* **What this task involves**: Your task is to repeat exactly the lines below between the line holding "Check how many" and the line holding "Good afternoon, everyone.", inclusive, and only those.

------------------------------------------------

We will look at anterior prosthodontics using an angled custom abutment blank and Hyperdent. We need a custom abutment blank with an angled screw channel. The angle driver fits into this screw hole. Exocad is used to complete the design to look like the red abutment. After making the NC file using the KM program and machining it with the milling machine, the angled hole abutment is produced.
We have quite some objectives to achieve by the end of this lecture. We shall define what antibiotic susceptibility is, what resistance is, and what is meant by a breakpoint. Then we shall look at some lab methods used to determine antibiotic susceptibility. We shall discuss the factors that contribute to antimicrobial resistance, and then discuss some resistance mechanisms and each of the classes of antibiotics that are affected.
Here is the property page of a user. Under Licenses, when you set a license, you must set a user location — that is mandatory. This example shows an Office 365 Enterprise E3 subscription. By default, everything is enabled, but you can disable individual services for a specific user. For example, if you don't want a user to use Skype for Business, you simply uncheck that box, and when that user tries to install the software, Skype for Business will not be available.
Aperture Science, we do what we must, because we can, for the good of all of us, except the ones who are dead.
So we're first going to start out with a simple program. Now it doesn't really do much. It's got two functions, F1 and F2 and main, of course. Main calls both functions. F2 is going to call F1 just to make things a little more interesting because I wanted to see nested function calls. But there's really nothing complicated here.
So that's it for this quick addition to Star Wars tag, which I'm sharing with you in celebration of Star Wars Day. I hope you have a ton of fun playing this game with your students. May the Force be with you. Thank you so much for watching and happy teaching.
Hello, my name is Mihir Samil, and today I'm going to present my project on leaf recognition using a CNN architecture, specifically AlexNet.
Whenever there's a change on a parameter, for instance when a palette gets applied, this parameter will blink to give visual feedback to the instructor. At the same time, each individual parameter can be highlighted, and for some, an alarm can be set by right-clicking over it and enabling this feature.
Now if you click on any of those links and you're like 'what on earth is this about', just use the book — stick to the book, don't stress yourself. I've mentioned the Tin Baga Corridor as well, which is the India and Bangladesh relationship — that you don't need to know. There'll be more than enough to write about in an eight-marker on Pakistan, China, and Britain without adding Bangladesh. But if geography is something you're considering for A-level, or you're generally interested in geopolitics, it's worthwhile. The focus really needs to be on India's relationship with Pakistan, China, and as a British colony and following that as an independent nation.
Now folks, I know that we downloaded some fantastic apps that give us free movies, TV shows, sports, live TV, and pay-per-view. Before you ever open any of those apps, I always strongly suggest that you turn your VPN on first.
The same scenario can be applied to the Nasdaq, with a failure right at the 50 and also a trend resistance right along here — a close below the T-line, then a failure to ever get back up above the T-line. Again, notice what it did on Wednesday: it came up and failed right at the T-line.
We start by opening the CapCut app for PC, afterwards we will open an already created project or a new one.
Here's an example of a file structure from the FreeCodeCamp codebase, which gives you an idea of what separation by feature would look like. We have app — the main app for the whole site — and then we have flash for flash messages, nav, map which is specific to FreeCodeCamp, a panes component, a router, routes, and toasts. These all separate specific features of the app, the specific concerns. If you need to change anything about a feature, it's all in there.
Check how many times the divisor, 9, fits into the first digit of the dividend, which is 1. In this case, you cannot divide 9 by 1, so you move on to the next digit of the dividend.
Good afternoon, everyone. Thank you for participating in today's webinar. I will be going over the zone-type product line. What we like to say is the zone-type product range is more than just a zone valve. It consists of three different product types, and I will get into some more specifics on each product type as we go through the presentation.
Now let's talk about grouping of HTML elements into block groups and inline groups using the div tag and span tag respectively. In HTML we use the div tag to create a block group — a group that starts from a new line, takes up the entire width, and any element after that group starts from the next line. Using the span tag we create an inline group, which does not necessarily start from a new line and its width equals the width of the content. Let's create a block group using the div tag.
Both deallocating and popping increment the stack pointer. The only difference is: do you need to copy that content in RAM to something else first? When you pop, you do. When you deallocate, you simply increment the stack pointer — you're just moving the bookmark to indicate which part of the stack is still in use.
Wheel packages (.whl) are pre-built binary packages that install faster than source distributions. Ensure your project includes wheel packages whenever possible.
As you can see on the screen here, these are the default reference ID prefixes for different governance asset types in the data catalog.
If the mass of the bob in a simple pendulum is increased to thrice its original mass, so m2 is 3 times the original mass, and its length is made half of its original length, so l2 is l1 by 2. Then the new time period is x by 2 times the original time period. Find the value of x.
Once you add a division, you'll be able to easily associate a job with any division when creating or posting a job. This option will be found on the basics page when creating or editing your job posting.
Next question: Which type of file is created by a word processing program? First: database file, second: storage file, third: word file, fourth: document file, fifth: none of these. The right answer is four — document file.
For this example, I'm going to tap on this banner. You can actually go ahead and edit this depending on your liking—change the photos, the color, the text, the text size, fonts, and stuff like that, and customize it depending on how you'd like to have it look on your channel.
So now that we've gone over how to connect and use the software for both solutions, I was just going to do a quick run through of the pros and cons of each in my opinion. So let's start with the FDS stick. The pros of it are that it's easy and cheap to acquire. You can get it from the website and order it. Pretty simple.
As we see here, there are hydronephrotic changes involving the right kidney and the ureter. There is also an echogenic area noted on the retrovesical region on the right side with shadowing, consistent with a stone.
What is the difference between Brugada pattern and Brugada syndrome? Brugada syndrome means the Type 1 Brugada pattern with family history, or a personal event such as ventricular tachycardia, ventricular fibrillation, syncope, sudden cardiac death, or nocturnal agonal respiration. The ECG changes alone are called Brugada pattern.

------------------------------------------------

* **Response to this task**:
Check how many times the divisor, 9, fits into the first digit of the dividend, which is 1. In this case, you cannot divide 9 by 1, so you move on to the next digit of the dividend.
Good afternoon, everyone. Thank you for participating in today's webinar. I will be going over the zone-type product line. What we like to say is the zone-type product range is more than just a zone valve. It consists of three different product types, and I will get into some more specifics on each product type as we go through the presentation.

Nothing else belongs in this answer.